Hypothesis Testing at Grockit
When Grockit made this transition, the results were dramatic. In one case, they decided to test one of their major features, called lazy registration, to see if it was worth the heavy investment they were making in ongoing support. They were confident in this feature because lazy registration is considered one of the design best practices for online services. In this system, customers do not have to register for the service up front. Instead, they immediately begin using the service and are asked to register only after they have had a chance to experience the service’s benefit.
For a student, lazy registration works like this: when you come to the Grockit website, you’re immediately placed in a study session with other students working on the same test. You don’t have to give your name, e-mail address, or credit card number. There is nothing to prevent you from jumping in and getting started immediately. For Grockit, this was essential to testing one of its core assumptions: that customers would be willing to adopt this new way of learning only if they could see proof that it was working early on.

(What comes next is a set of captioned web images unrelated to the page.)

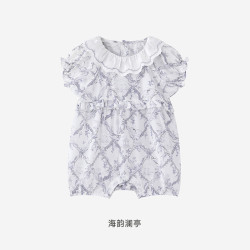 英氏 女宝宝连体衣夏季新款短袖哈衣婴儿爬服外出衣服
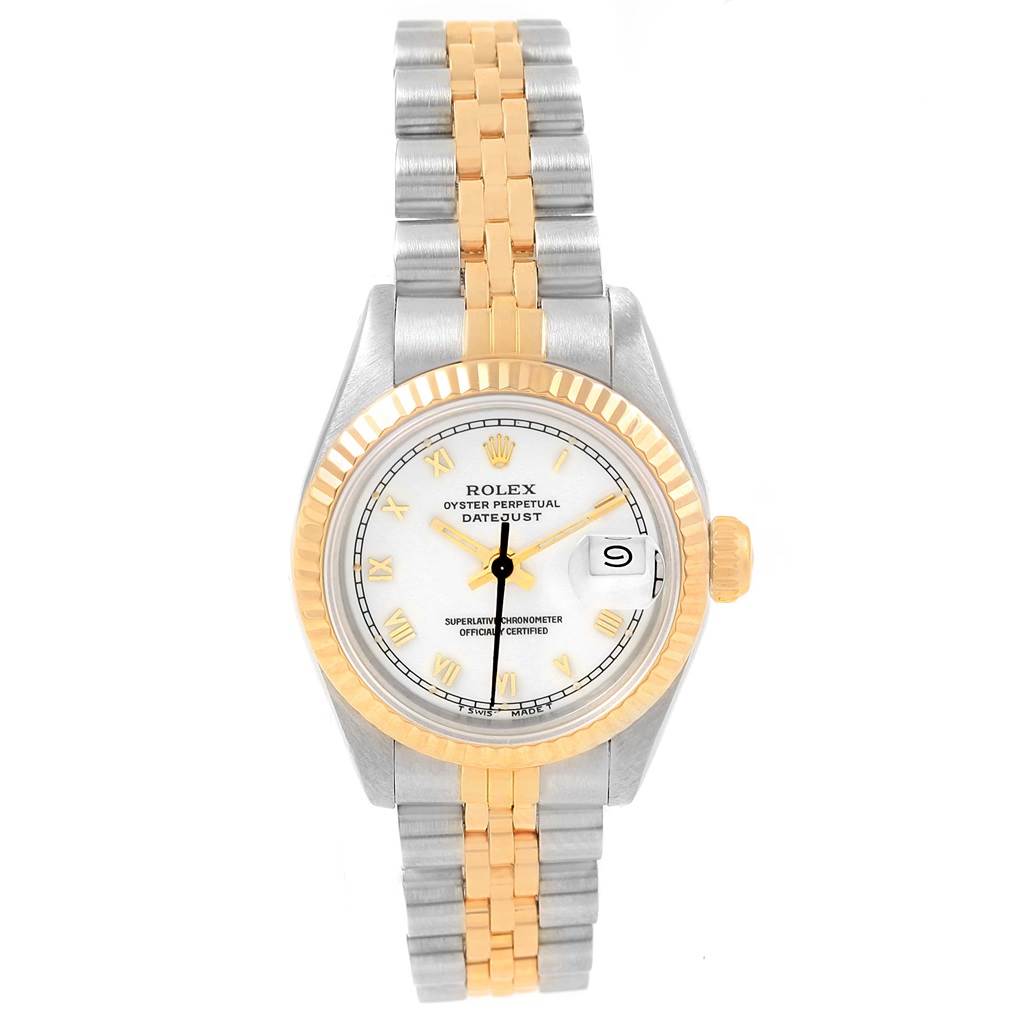 The image shows a front view of a Rolex Datejust 69173 Women's Stainless Steel White Dial 69173 Women's Stainless Steel White Dial watch, highlighting its two-tone bracelet and fluted bezel.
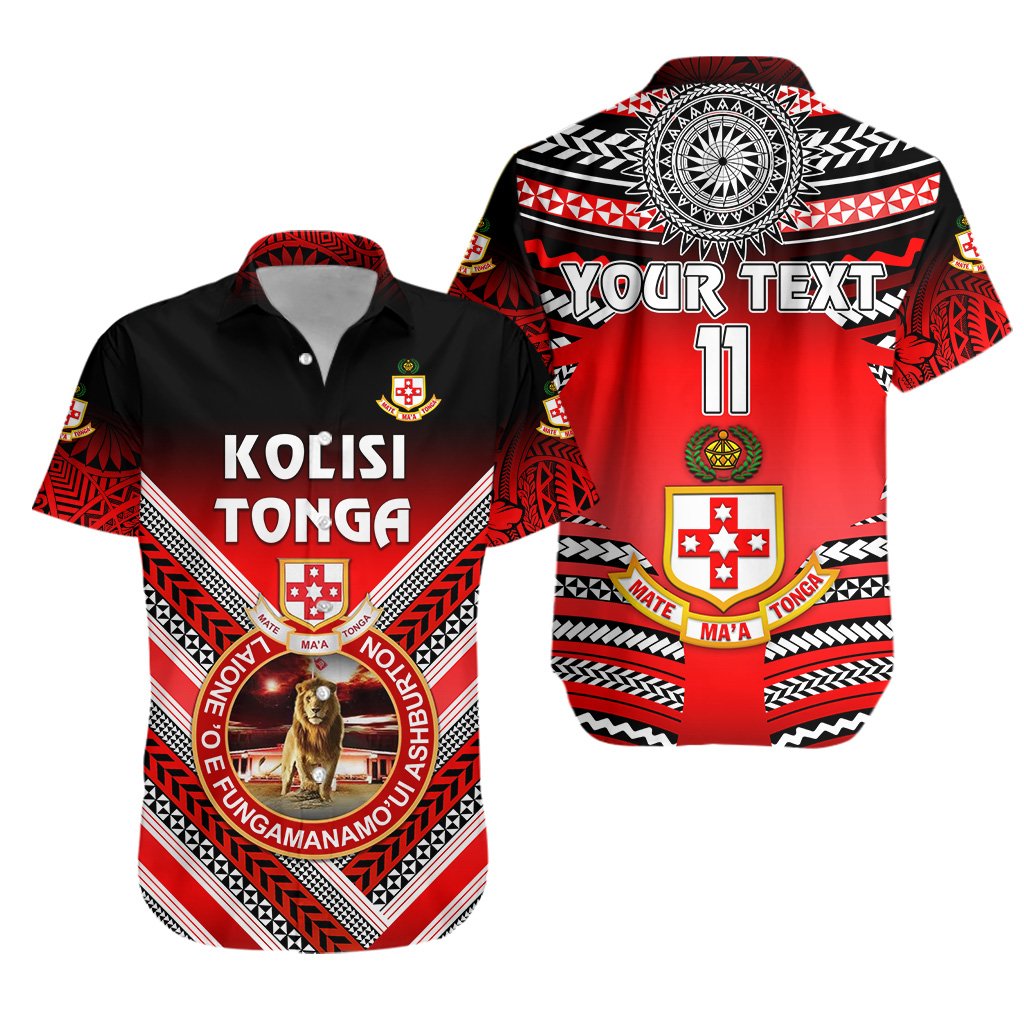 (Custom Personalised) Kolisi Tonga Hawaiian Shirt Mate Ma'a Tonga Creative Style, Custom Text and Number - Lion - Vibe Hoodie Shop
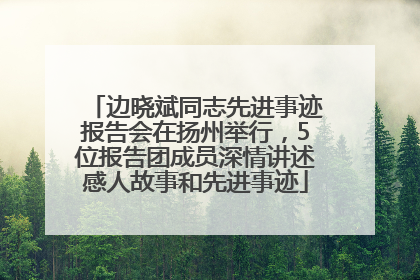 边晓斌同志先进事迹报告会在扬州举行，5位报告团成员深情讲述感人故事和先进事迹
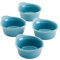 Rachael Ray Solid Glaze Lot de 4 ramequins ronds en céramique Bleu agave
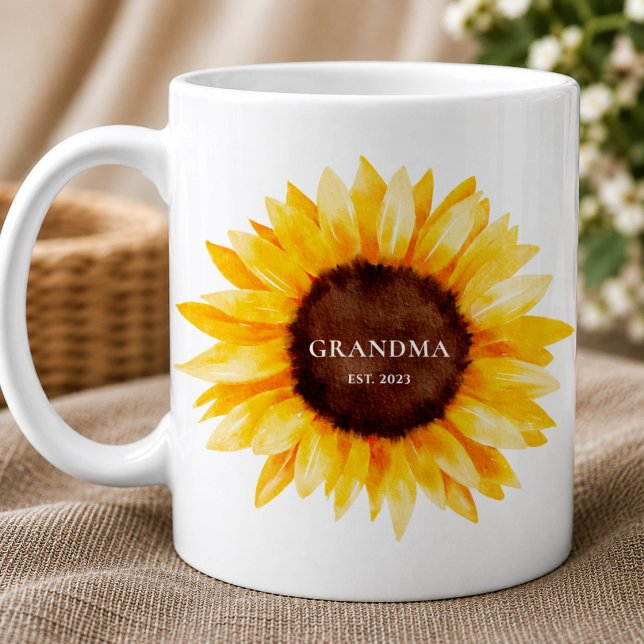 De Café Caneca Vovó Girassol | Presente para Vovó (Criador carregado)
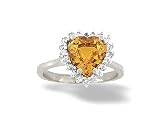 14K White Gold Genuine Heart Citrine and Diamond Ring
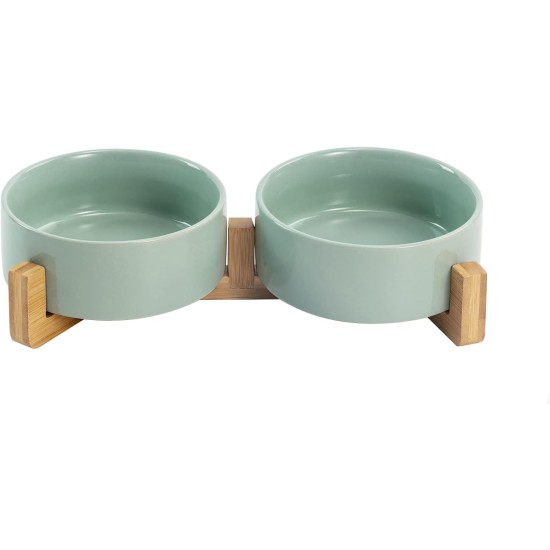 SPUNKYJUNKY Ceramic Double Dog Feeding Bowl with Bamboo Stand, for Cats and Dogs (400 ml, Grey 2) SPUNKYJUNKY Ceramic Double Dog Feeding Bowl with Bamboo Stand, for Cats and Dogs (400 ml, Grey 2)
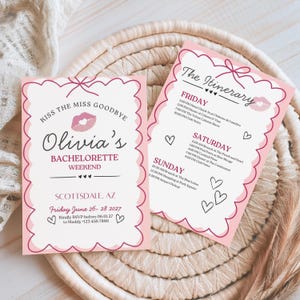 Bearbeitbarer Bachelorette Wochenendreiseplan | Kiss the Miss Goodbye Vorlage | Canva Digitaler Download
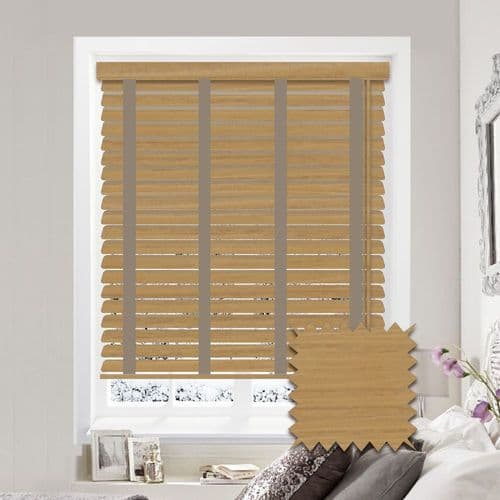 Sunwood Faux Wood Venetian Blinds with Tapes in Desert Oak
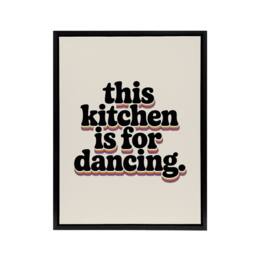 "Artery8 This Kitchen Is For Dancing Funky Retro Typography Framed Canvas Art in Beige - Size: W12"" x H16""" - thumbnail 1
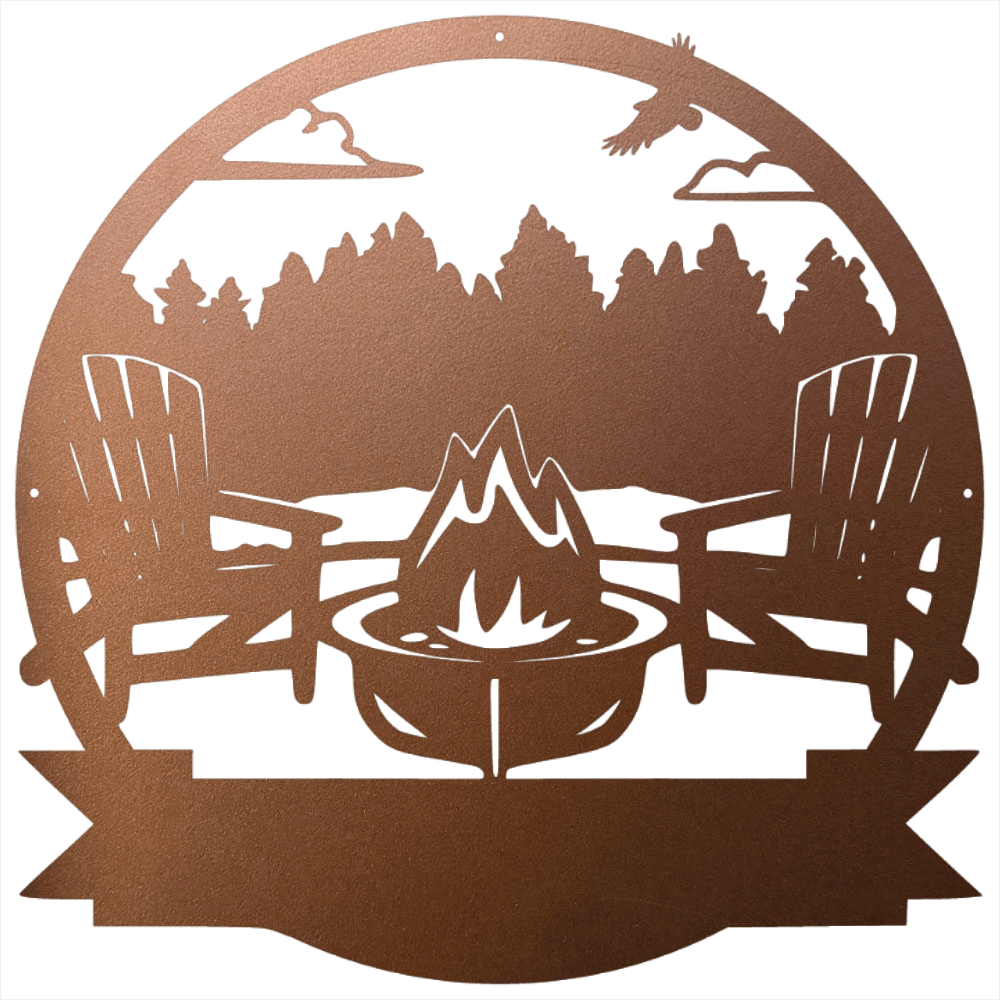 Custom Metal Wall Art - Personalized Lake House Sign Copper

As a result of this hypothesis, Grockit’s design required that it manage three classes of users: unregistered guests, registered (trial) guests, and customers who had paid for the premium version of the product. This design required significant extra work to build and maintain: the more classes of users there are, the more work is required to keep track of them, and the more marketing effort is required to create the right incentives to entice customers to upgrade to the next class. Grockit had undertaken this extra effort because lazy registration was considered an industry best practice.
I encouraged the team to try a simple split-test. They took one cohort of customers and required that they register immediately, based on nothing more than Grockit’s marketing materials. To their surprise, this cohort’s behavior was exactly the same as that of the lazy registration group: they had the same rate of registration, activation, and subsequent retention. In other words, the extra effort of lazy registration was a complete waste even though it was considered an industry best practice.
Even more important than reducing waste was the insight that this test suggested: customers were basing their decision about Grockit on something other than their use of the product.
Think about this. Think about the cohort of customers who were required to register for the product before entering a study session with other students. They had very little information about the product, nothing more than was presented on Grockit’s home page and registration page. By contrast, the lazy registration group had a tremendous amount of information about the product because they had used it. Yet despite this information disparity, customer behavior was exactly the same.
This suggested that improving Grockit’s positioning and marketing might have a more significant impact on attracting new customers than would adding new features. This was just the first of many important experiments Grockit was able to run. Since those early days, they have expanded their customer base dramatically: they now offer test prep for numerous standardized tests, including the GMAT, SAT, ACT, and GRE, as well as online math and English courses for students in grades 7 through 12.
Grockit continues to evolve its process, seeking continuous improvement at every turn. With more than twenty employees in its San Francisco office, Grockit continues to operate with the same deliberate, disciplined approach that has been their hallmark all along. They have helped close to a million students and are sure to help millions more.